Par acte d'huissier en date du 9/02/2026, OPH d'AUBERVILLIERS a fait assigner Monsieur [L] [W] [I] devant le juge des contentieux de la protection du tribunal de proximité d'Aubervilliers statuant en référés aux fins de voir, sous le bénéfice de l'exécution provisoire:
- constater la résiliation du bail par acquisition de la clause résolutoire en raison des loyers impayés ;
- ordonner l'expulsion de Monsieur [L] [W] [I] ainsi que tous occupants de son chef avec assistance de la force publique et d'un serrurier ;
- condamner Monsieur [L] [W] [I] au paiement à titre provisionnel :
- d'une somme de 7142,40 euros au titre de l'arriéré locatif ;
- d'une indemnité d'occupation égale au loyer qui aurait été dû si le bail s'était poursuivi, augmenté des charges à compter de la résiliation jusqu'à libération des lieux par remise des clés ;
- d'une somme de 500 euros au titre de l'article 700 du code de procédure civile, outre les dépens incluant les frais de commandement.

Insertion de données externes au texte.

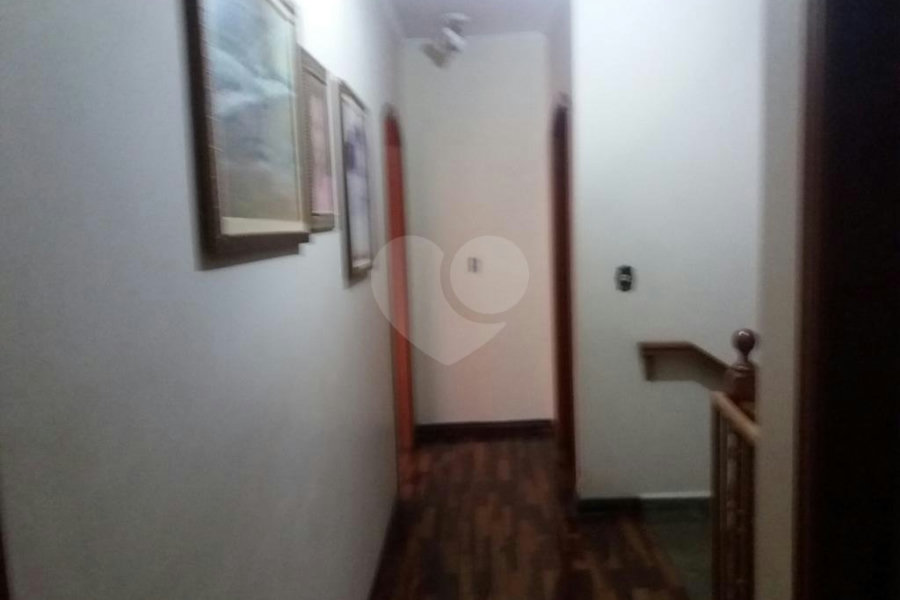 Sobrado à venda com 4 quartos, sendo 2 suítes, em Tremembé, São Paulo, SP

A l'audience OPH d'[Localité 1] actualise sa demande en paiement au titre de l'arriéré locatif à la somme de 8924,14 euros arrêtée au 22/04/2026. Les autres prétentions sont maintenues.
Monsieur [L] [W] [I] reconnaît le montant de la dette locative mais il demande à pouvoir se maintenir dans les lieux en reprenant le paiement du loyer courant, outre la somme de 200 euros par mois en règlement de l'arriéré. Il précise percevoir 1800 euros de ressources par mois et avoir un enfant à charge de 12 ans.
Motivations de la décision
MOTIFS DE LA DECISION
Sur les demandes principales
Sur la recevabilité de la demande :
Conformément aux dispositions de l'article 24 III de la loi du 6 juillet 1989, une copie de l'assignation a été notifiée à la préfecture le 11/02/2026, soit 6 semaines au moins avant l'audience.
Il est par ailleurs justifié de la saisine de la CCAPEX le 24/09/2025, soit deux mois au moins avant la délivrance de l'assignation le 9/02/2026. L'action est donc recevable.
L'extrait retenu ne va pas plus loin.